Just from a baseline standpoint, a team can’t spend two top-10 picks in back-to-back years at a position where only one of those guys can get onto the field. It’s completely illogical. It’s why even the worst franchises don’t do it because it renders a prime asset unusable. Suggesting otherwise — like saying, “Hey, starting quarterbacks get banged up” — is insulting and goes against decades of league history. Even a general manager with the recent failings of Keim has to know that.

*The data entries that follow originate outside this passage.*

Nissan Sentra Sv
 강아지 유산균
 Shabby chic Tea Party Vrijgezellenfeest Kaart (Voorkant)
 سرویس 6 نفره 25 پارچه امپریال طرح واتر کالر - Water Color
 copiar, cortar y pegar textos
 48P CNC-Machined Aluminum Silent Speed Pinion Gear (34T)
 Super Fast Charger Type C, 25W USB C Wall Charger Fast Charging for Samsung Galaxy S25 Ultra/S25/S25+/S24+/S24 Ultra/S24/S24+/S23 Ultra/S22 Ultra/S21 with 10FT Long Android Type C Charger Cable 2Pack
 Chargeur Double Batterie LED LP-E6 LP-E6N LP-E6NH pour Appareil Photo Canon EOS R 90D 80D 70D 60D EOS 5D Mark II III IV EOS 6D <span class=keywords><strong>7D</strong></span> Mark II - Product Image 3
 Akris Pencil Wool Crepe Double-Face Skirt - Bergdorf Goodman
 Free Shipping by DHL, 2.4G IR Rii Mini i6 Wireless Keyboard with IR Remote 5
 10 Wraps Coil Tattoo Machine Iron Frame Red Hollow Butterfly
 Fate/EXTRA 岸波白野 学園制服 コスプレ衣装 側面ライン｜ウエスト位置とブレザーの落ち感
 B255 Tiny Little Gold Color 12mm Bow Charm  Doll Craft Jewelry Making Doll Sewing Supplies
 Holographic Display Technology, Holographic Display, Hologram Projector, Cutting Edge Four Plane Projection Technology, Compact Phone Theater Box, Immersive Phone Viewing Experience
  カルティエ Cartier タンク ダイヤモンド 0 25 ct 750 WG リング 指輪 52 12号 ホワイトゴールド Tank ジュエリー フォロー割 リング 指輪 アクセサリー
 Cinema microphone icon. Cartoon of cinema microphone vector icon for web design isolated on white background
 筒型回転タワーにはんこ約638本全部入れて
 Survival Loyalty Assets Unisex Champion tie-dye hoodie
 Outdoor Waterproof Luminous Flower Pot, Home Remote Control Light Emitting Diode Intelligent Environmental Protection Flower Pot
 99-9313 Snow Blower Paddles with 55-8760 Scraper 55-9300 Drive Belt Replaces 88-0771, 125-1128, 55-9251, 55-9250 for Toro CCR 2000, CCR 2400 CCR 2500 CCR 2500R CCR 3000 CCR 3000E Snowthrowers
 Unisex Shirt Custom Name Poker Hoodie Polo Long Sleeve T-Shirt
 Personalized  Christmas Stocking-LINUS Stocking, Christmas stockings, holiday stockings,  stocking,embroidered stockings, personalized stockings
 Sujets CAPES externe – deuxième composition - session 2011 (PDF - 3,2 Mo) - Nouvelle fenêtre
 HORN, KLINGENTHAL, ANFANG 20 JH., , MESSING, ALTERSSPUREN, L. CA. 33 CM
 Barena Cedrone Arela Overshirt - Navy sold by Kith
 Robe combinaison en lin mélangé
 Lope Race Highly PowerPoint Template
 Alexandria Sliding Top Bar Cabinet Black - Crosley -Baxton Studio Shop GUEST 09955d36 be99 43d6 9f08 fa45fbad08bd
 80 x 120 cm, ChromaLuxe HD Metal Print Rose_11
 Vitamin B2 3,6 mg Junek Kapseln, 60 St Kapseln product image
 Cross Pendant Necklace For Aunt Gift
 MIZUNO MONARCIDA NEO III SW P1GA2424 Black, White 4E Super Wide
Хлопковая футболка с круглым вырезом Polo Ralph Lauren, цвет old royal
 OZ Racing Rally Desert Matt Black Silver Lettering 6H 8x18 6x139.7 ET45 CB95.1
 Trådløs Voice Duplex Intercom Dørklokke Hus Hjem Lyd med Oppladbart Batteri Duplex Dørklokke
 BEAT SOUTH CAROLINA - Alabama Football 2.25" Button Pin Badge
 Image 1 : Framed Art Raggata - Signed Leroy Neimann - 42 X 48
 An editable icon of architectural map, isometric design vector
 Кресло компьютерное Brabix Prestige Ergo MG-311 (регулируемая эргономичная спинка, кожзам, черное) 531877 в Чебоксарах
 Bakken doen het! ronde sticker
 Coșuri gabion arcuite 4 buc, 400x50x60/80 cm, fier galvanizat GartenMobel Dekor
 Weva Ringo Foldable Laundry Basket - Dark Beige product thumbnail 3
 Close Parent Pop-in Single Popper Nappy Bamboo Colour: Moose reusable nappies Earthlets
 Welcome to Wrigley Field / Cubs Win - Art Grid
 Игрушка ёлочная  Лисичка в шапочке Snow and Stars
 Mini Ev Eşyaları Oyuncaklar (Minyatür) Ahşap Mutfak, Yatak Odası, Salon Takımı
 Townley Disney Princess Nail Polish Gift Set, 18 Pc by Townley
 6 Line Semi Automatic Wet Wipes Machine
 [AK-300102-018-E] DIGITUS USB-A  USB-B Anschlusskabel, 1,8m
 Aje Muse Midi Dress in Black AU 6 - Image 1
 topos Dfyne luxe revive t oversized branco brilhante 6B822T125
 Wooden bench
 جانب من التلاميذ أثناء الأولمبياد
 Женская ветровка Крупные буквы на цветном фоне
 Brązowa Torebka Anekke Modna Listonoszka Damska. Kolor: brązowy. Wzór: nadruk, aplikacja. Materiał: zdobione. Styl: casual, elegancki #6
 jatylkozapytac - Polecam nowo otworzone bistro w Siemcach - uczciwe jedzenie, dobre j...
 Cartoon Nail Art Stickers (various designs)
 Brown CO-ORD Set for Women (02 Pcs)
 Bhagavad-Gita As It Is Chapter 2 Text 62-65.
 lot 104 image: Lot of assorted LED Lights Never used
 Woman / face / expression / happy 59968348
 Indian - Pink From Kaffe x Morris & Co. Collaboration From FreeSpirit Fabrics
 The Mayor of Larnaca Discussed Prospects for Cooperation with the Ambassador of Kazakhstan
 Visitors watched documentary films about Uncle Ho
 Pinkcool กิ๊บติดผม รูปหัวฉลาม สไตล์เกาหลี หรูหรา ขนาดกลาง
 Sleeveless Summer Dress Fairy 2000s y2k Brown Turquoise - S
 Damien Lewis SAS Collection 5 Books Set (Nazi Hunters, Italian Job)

But that won’t stop Keim from trying to put window dressing on this. That’s all he has right now. He had to know Murray was going to be a potentially great moment for the franchise — while also carrying some warts. So he’ll say it’s good to stockpile talent at quarterback, which is true when it doesn’t cost a pair of high first-round picks in consecutive seasons. What he really means is: “We’re stuck with both guys right now, and this is the only positive I can think of until some team either saves me from this situation or we eat it and move on.”

And make no mistake, that’s what has to happen here. Either Arizona has to hope something happens that makes Rosen more valuable to another team than he was one month ago, or the Cardinals have to take what they can get and move on. Anything else is inviting problems and handing new head coach Kliff Kingsbury the league’s most awkward quarterback room since Robert Griffin III and Kirk Cousins. If you don’t remember that one, I’ll summarize it like this: Two guys stared daggers into each other for years with the Washington Redskins, inspired a divided locker room and didn’t really win many games while they did it. And when it was over, both ended up having a problem with how some elements of management handled the entire situation.

This was the scene last year at Cardinals headquarters with QB Josh Rosen, the 10th overall draft pick. (AP)
This was the scene last year at Cardinals headquarters with QB Josh Rosen, the 10th overall draft pick. (AP)

Is that what the Cardinals want? Two frenemies sharing the quarterbacks room? Ammunition for a problem if Murray struggles as the starter? A divided locker room if both players have their ups and downs in the future (like RG3 and Cousins)?

The obvious answer is no. And the next progression is resolving it. That’s what Arizona is going to have to do sooner rather than later. Whether that’s trying to engage the Los Angeles Chargers or Miami Dolphins or New England Patriots over the next 48 hours, or even waiting for some kind of Teddy Bridgewater-type of injury to some other quarterback, the Cardinals are going to have to plan for a resolution. This surely isn’t what Rosen signed up for. And it’s not what they drafted Murray for. You don’t take two guys, indicate to them that they’re the guy, then expect one of them to be OK with it when that’s not the case.

And don’t expect Rosen to suddenly become the eager and supportive understudy to Murray. Especially when he could be developing himself with another team that plans on building around him rather than making him a hostage to the management’s mistakes.

Arizona screwed this up. It stacked assets in consecutive years at a position where it makes no sense. Now it has to find a way out. For Murray, for Rosen, for Kingsbury and most definitely for a team and fan base that doesn’t need the kind of dramatic circus that is waiting around the corner.